§ ABOUT THIS TASK
Nothing but the lines from the top of the data to the line holding "vidaXL Καλοκαιρινό Παπλωματοθήκη" should be printed, word for word and both ends included; leave the pictures out.

§ Items from a data source
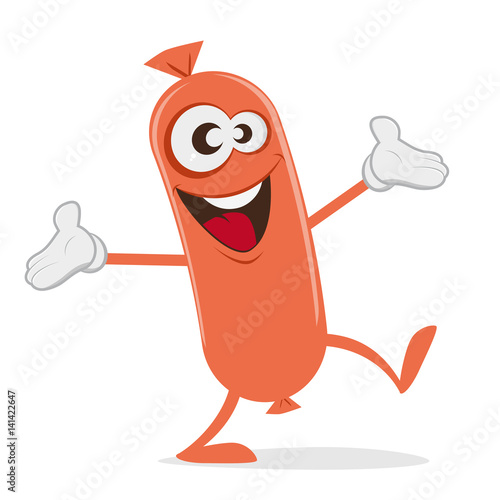 happy cartoon sausage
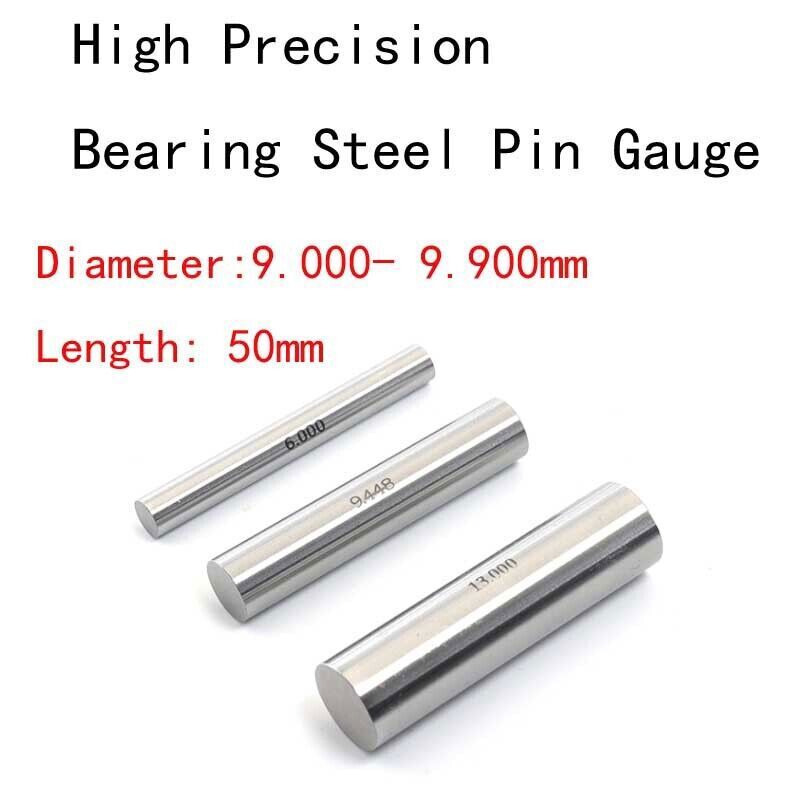 3pcs 9.000mm-9.900mm Diameter High Precision Bearing Steel Pin Gauge 50mm Length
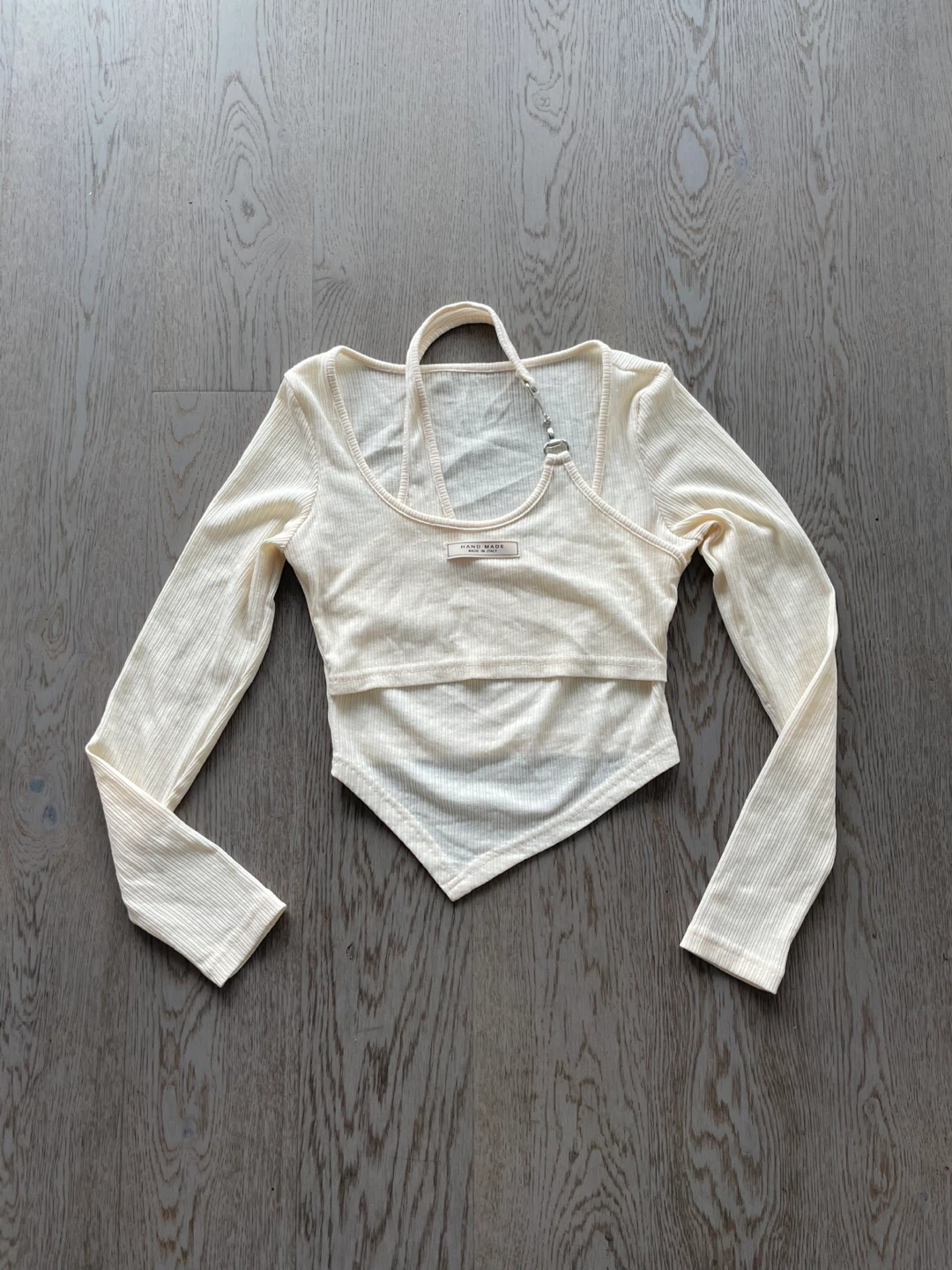 Handmade Long Sleeve Crop Top, size small
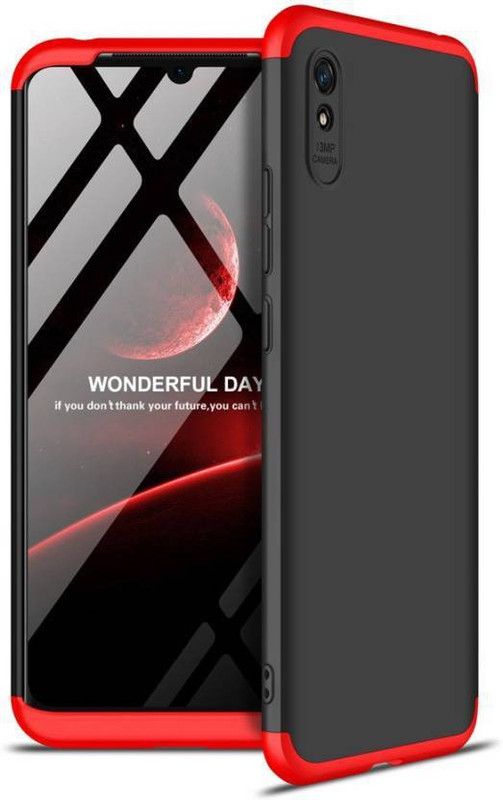 BAGCASE Back Cover for Redmi 9A  (Red, Black, Pack of: 1)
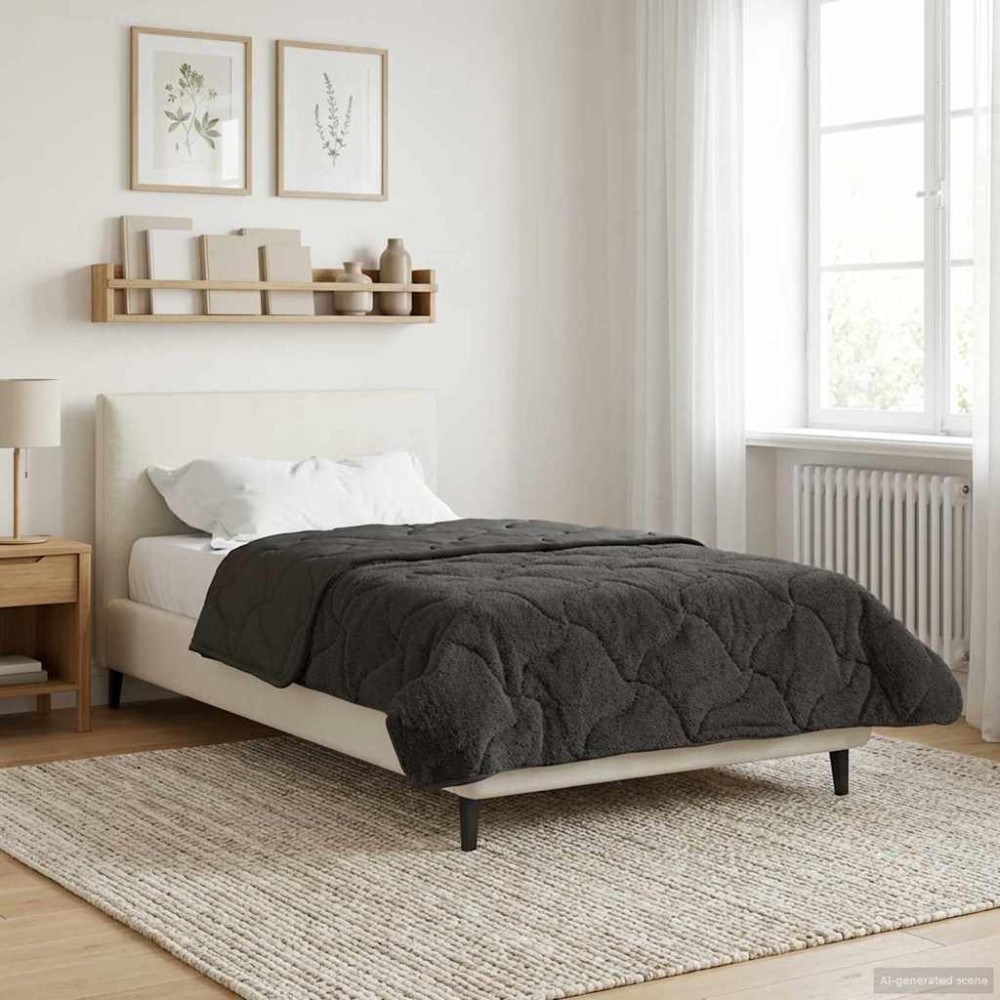 vidaXL Καλοκαιρινό Παπλωματοθήκη 155 x 200 εκ. Καλοκαίρι Ανθρακί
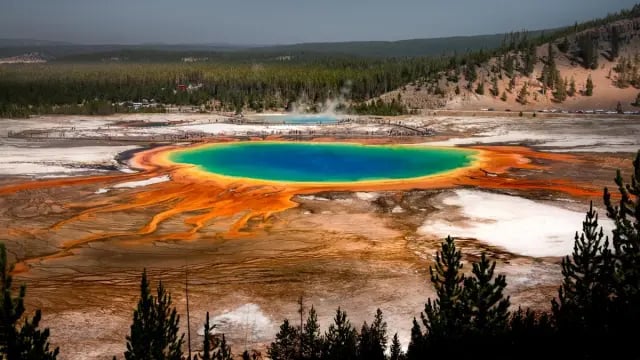 - Grand Prismatic Spring in Yellowstone Park, USA. The colours are due to microbial mats formed by thermophiles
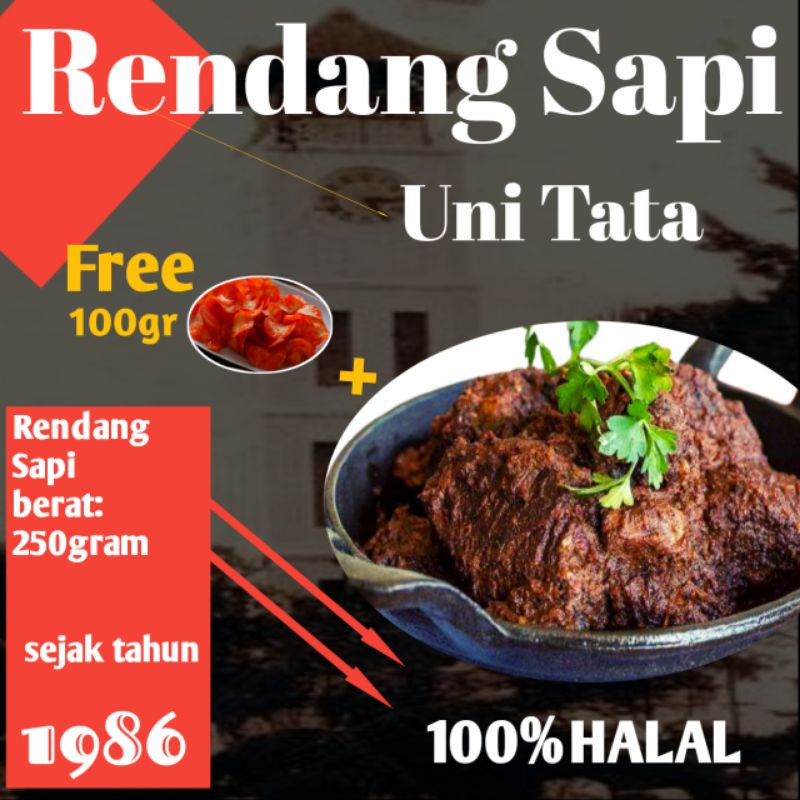 

RENDANG DAGING 250 gr ASLI PADANG RENDANG UNI TATA 100%HALAL Rendang sapi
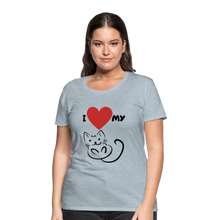 Load image into Gallery viewer, I HEART MY CAT Women&#39;s Premium T-Shirt - heather ice blue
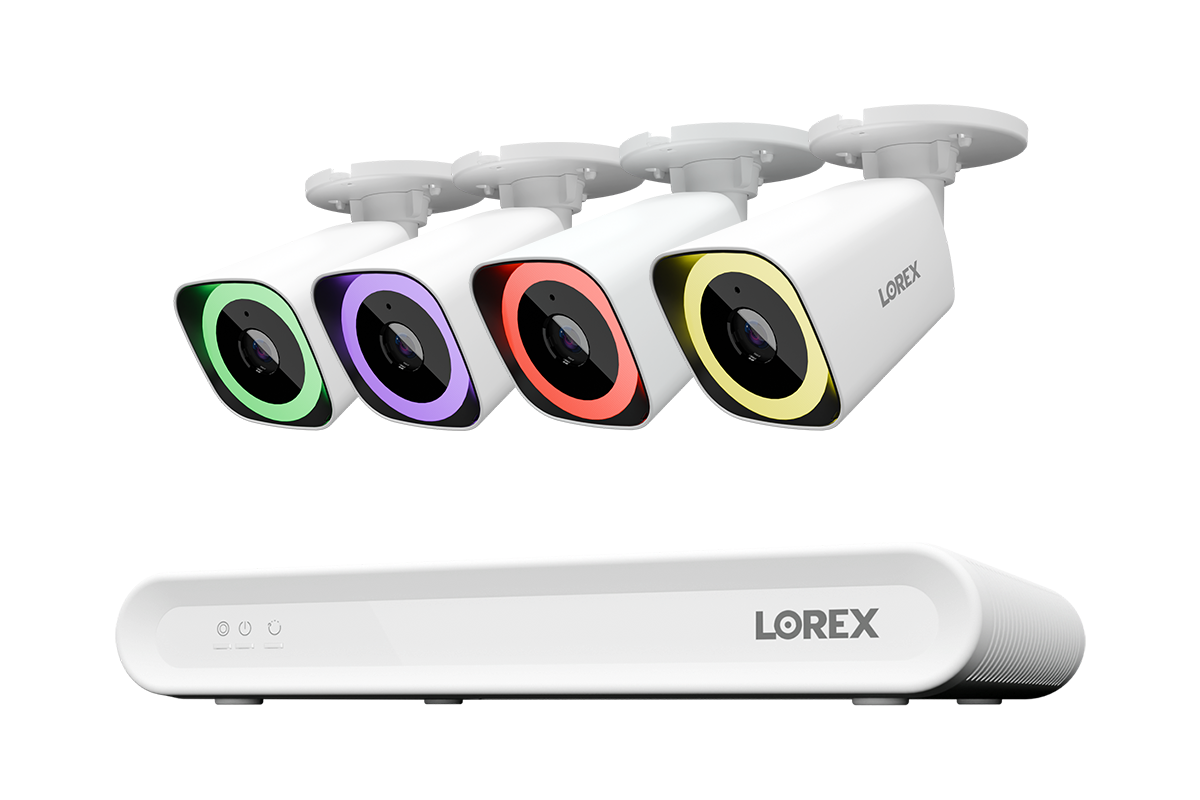 Lorex 4-camera white V5 PoE bullet system with white 8-channel NVR and 1 TB storage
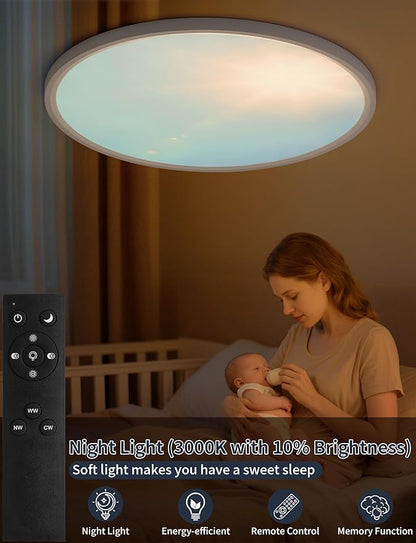 20 Inch Flush Mount Ceiling Light with Blue Sky Cover, Dimmable Ceiling Lamp with Remote, 42W LED Lighting Fixtures Sunlight Effect, Modern Slim Design for Classroom Bedroom Living Room, Round White
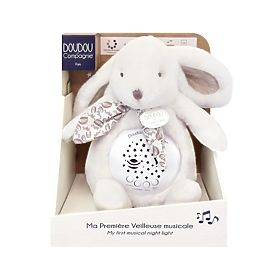 Doudou Spieluhr mit Projektion Weißer Hase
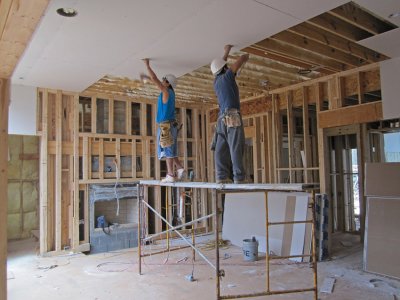 Day 133 - Sheetrock Living Room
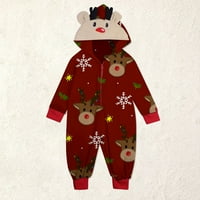 Yubatuo Christmas Porodica podudaranje sa hoodie pidžamama setovi Elk SnowFlake dugih rukava sa HOODIE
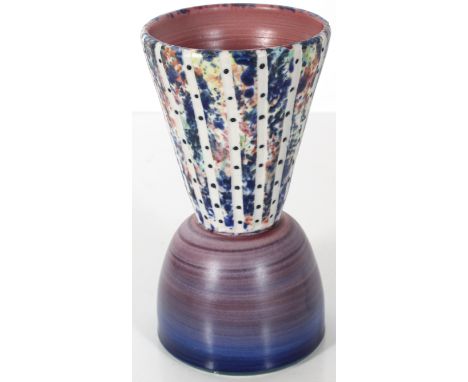 Decorative abstract ceramic vase. Bates works primarily in English porcelain. Though the clay is unforgiving, the tradeoff is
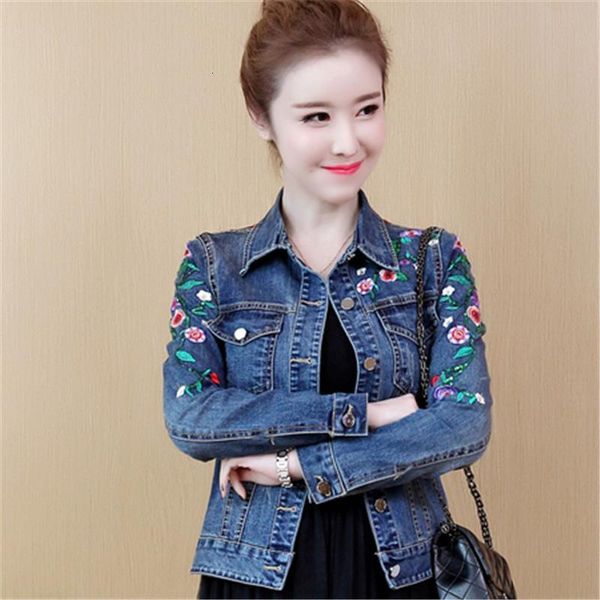 women floral embroidery short denim jacket lady elegant single breasted slim jeans coat spring outwear basic denim jacket 5xl, Black;brown
women floral embroidery short denim jacket lady elegant single breasted slim jeans coat spring outwear basic denim jacket 5xl, Black;brown
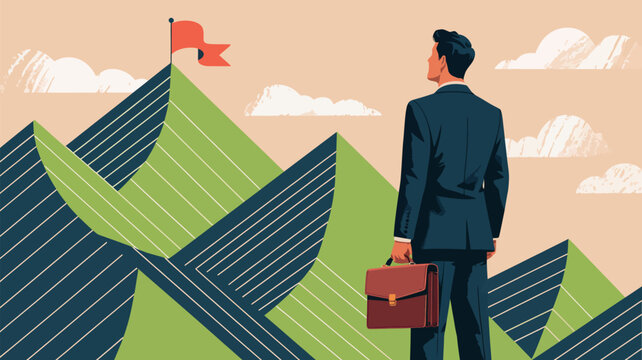 Businessman in suit standing in front of the mountains looking for the path to the top of his career of company opportunities. Concept for finance outline hand drawn style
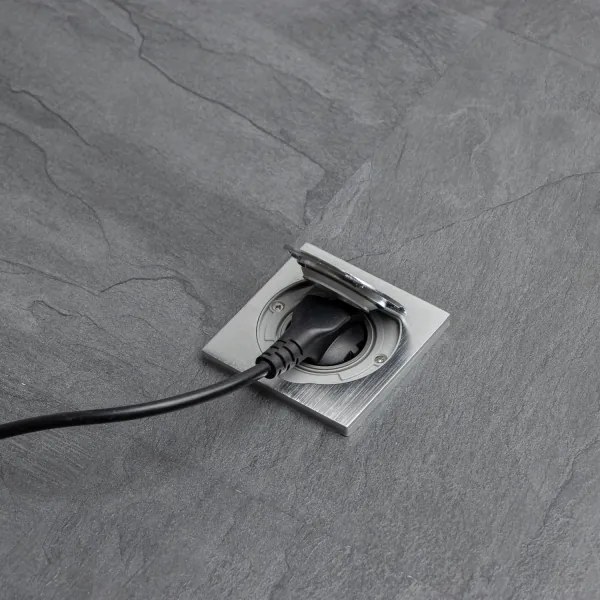 Brilagi - Kültéri beépített padló aljzat IP55 matt króm négyzet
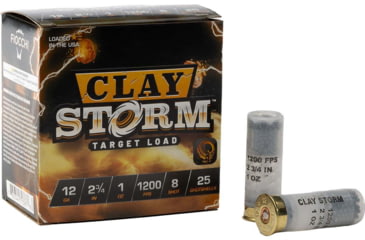 Image of Fiocchi Clay Storm 1200 fps 12 Gauge 1 oz 2.75 in Shotgun Ammo, #8, 25 Rounds, 12CS1H8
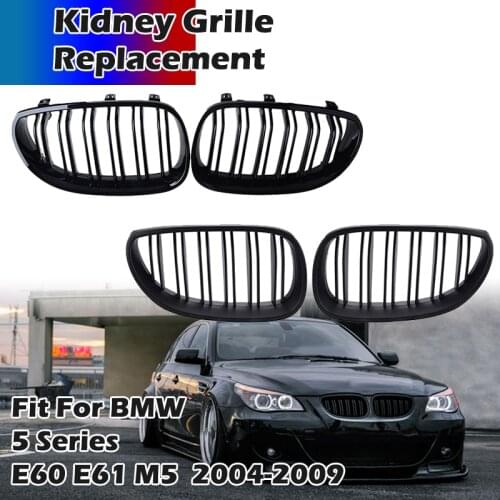 Sport Front Kidney Grilles Hood Dual Slat Grill Fit For BMW E60 E61 2003 2004 2005 2006 2007 2008 2009 M5 525i 528i 528xi 530i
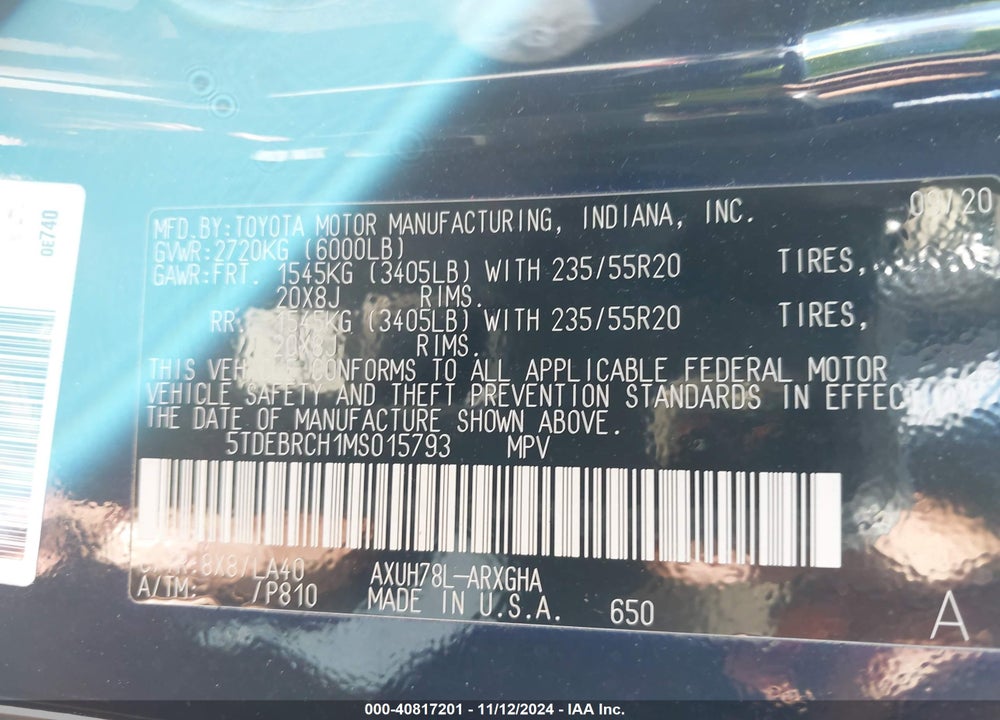 2021 TOYOTA HIGHLANDER HYBRID PLATINUM VIN: 5TDEBRCH1MS015793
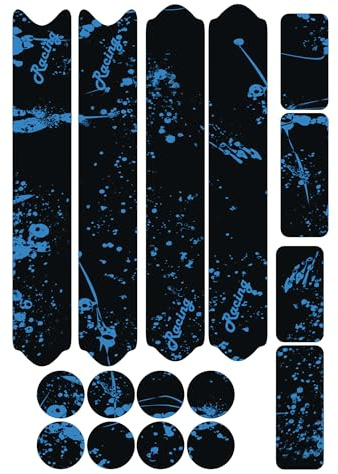 DualColorStampe Adesivi Protettivi Telaio Bici – Kit Stickers Universali Anti-Graffio per Mountain Bike, BMX e Corsa – Design Racing Nero Blu B0218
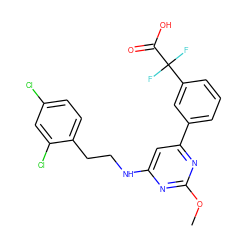 COc1nc(NCCc2ccc(Cl)cc2Cl)cc(-c2cccc(C(F)(F)C(=O)O)c2)n1 ZINC000034631554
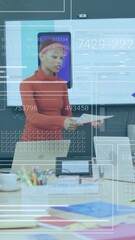 Poster - Animation of financial data processing over diverse business people in office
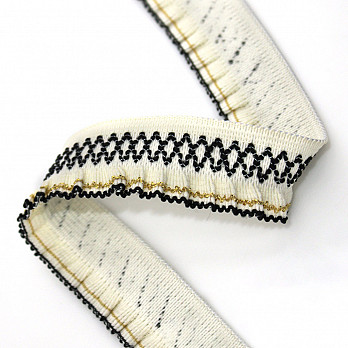 ETHNIC RUFFLE ELASTIC 2,5cm CHAMPAGNE/BLACK/LIGHT GOLD 25m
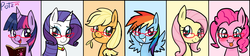 Size: 3600x800 | Tagged: safe, artist:potzm, applejack, fluttershy, pinkie pie, rainbow dash, rarity, twilight sparkle, alicorn, pony, g4, :p, :t, blushing, book, c:, cute, female, glasses, grin, looking at you, mane six, mare, portrait, smiling, smirk, tongue out, twilight sparkle (alicorn)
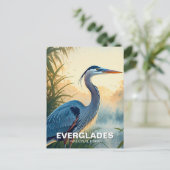 ブルー素晴らしヘロンエバーグレーズナショナルパークモーニング ポストカード (スタンド正面)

§ YOUR SOLUTION
 happy cartoon sausage
 3pcs 9.000mm-9.900mm Diameter High Precision Bearing Steel Pin Gauge 50mm Length
 Handmade Long Sleeve Crop Top, size small
 BAGCASE Back Cover for Redmi 9A  (Red, Black, Pack of: 1)
 vidaXL Καλοκαιρινό Παπλωματοθήκη 155 x 200 εκ. Καλοκαίρι Ανθρακί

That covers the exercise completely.